Enhancing Student Belonging
Facilitators: Chase McCoy (Informatics), Kim Arnold (Chemistry), and Vicka Bell-Robinson (Office of Student Life)
When students feel a sense of belonging on campus and in the classroom, they perform better academically, have increased retention rates, and are more likely to stay on track to graduate. This is semester-long faculty-led FLC in partnership with the Office of Student Life is designed to help faculty strengthen their teaching practices and student relationships to improve belonging in the classroom.
Together, we will explore what belonging is and why it is important, strategies for course design and classroom practices, and how to create partnerships with campus units dedicated to student success. Whether you teach a small course or a large lecture, this FLC offers evidence-based approaches, opportunities for faculty collaboration, and connections to campus resources—all aimed at helping every student feel seen, supported, and set up for success.

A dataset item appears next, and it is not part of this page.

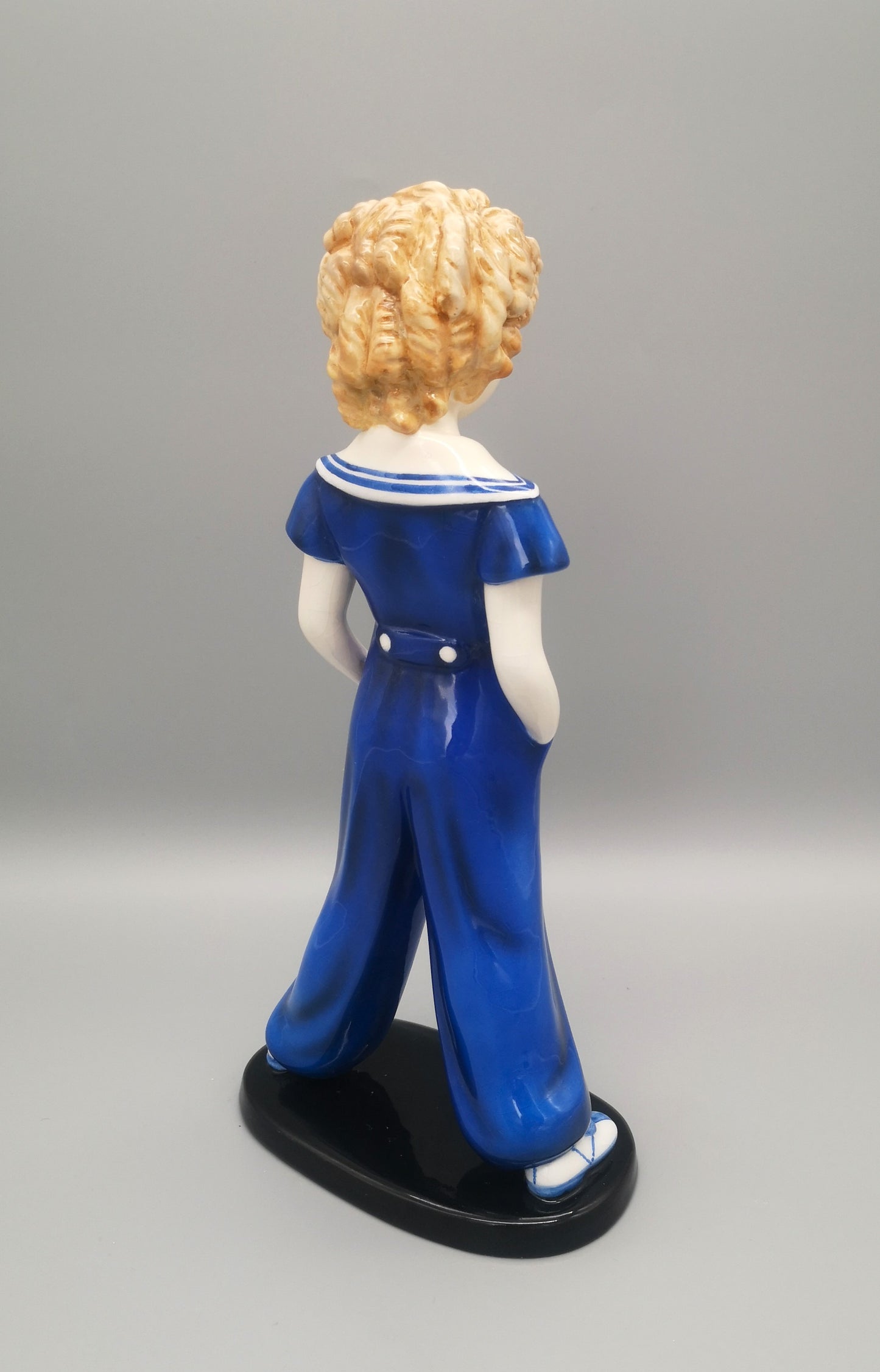 Goldscheider Figur - Junge in blauem Pyjama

Bringing Civic Learning to Life through Community-Engaged Teaching
Facilitator: Michael Valliant (CITL)
How can our teaching prepare students not only to succeed academically but also to participate meaningfully in civic life? This two-semester Faculty Learning Community (FLC) invites instructors from across disciplines to explore how Civic Learning and Democratic Engagement (CLDE) can be meaningfully integrated into Community-Engaged Learning (CEL) courses. Participants will examine civic learning frameworks, share teaching practices, and design strategies to help students develop civic knowledge, skills, and agency through community-engaged experiences.
The FLC will provide a collaborative space to reflect on teaching, adapt course goals, and contribute to campus-wide efforts to deepen civic learning. Open to faculty currently teaching or planning to teach CEL courses, the FLC includes monthly meetings, peer exchange, and individualized support. Participants will also contribute to a public-facing resource or showcase.